Description:
select avg(null) as `n`, collation(avg(null)) as `collate`, coercibility(avg(null)) as `coerce`, ifnull(avg(null),'a')='A' as `test`;
select min(null) as`n`, collation(min(null)) as `collate`, coercibility(min(null)) as `coerce`, ifnull(min(null),'a')='A' as `test`;
Notice that AVG always yields "binary" collation, but MIN returns the correct collation based on its arguments' collations. MAX and GROUP_CONCAT also work "as expected" (correct collations); STDDEV, SUM, VARIANCE, etc., all work the same way as AVG (binary collation regardless of arguments).

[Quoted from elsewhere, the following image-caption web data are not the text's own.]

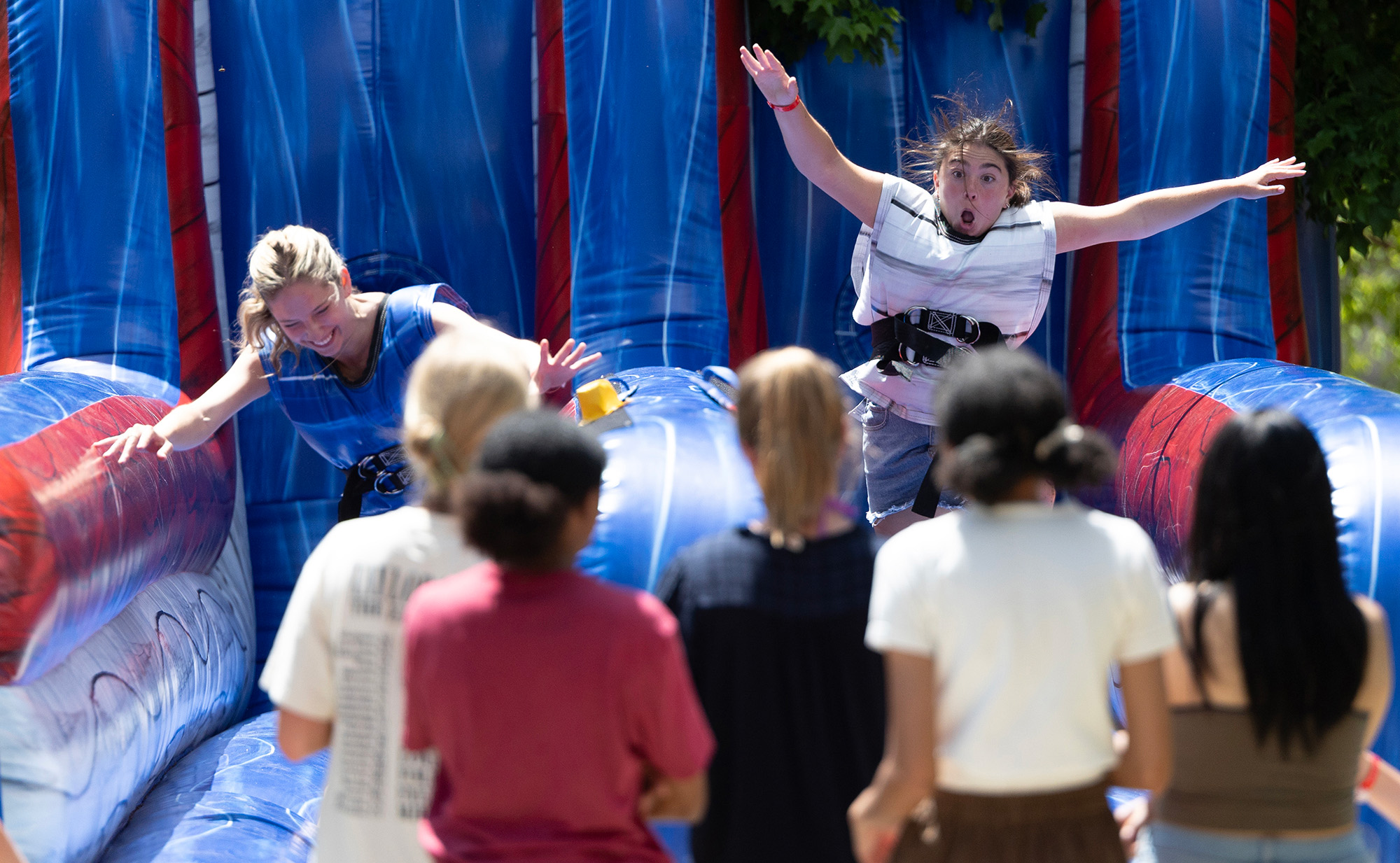 Two women competing on a bungee run obstacle in front of a small group of observers. 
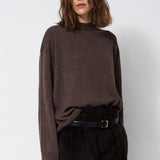 A woman wearing a dark brown mock-neck knit sweater and dark brown corduroy trousers, styled with a black belt, standing against a light gray studio background.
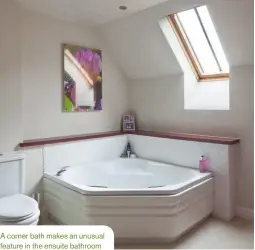  ??  ?? A corner bath makes an unusual feature in the ensuite bathroom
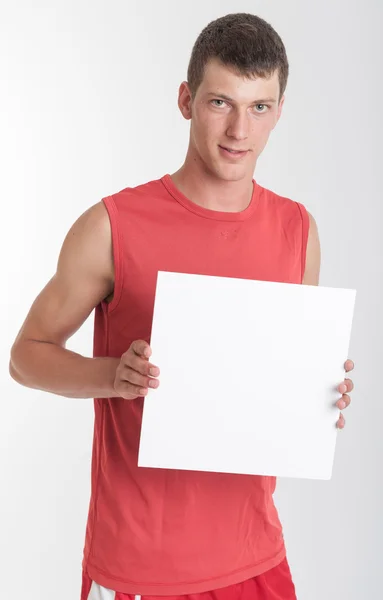 Athlete with sign — Stock Photo, Image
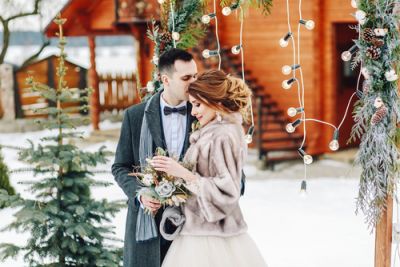 A bride and groom together at their winter wedding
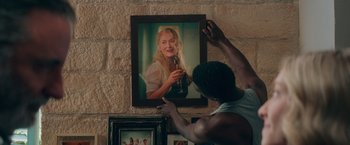Movie still from “Mamma Mia! Here We Go Again” (2018), directed by Ol Parker – A man hanging a picture of a woman on the wall; Close Up shot, Over the shoulder angle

The reason seems to be that AVG, SUM, etc. are missing some collation propagation logic. GROUP_CONCAT explicitly supplies this logic, because whoever implemented it realized that they couldn't get away without it. MIN and MAX are special because they return references to (or copies of) their existing arguments, rather than constructing new values to return.
How to repeat:
mysql> select avg(null) as `n`, collation(avg(null)) as `collate`, coercibility(avg(null)) as `coerce`, ifnull(avg(null),'a')='A' as `test`;
+------+---------+--------+------+
| n | collate | coerce | test |
+------+---------+--------+------+
| NULL | binary | 4 | 0 |
+------+---------+--------+------+
1 row in set (0.00 sec)
mysql> select min(null) as`n`, collation(min(null)) as `collate`, coercibility(min(null)) as `coerce`, ifnull(min(null),'a')='A' as `test`;
+------+---------+--------+------+
| n | collate | coerce | test |
+------+---------+--------+------+
| NULL | binary | 6 | 1 |
+------+---------+--------+------+
1 row in set (0.00 sec)
mysql> select group_concat(null) as `n`, collation(group_concat(null)) as `collate`, coercibility(group_concat(null)) as `coerce`, ifnull(group_concat(null),'a')='A' as `test`;
+------+---------+--------+------+
| n | collate | coerce | test |
+------+---------+--------+------+
| NULL | binary | 6 | 1 |
+------+---------+--------+------+
Suggested fix:
AVG, SUM, etc. should use the same logic as MIN and MAX to determine the collation and coercibility of their results.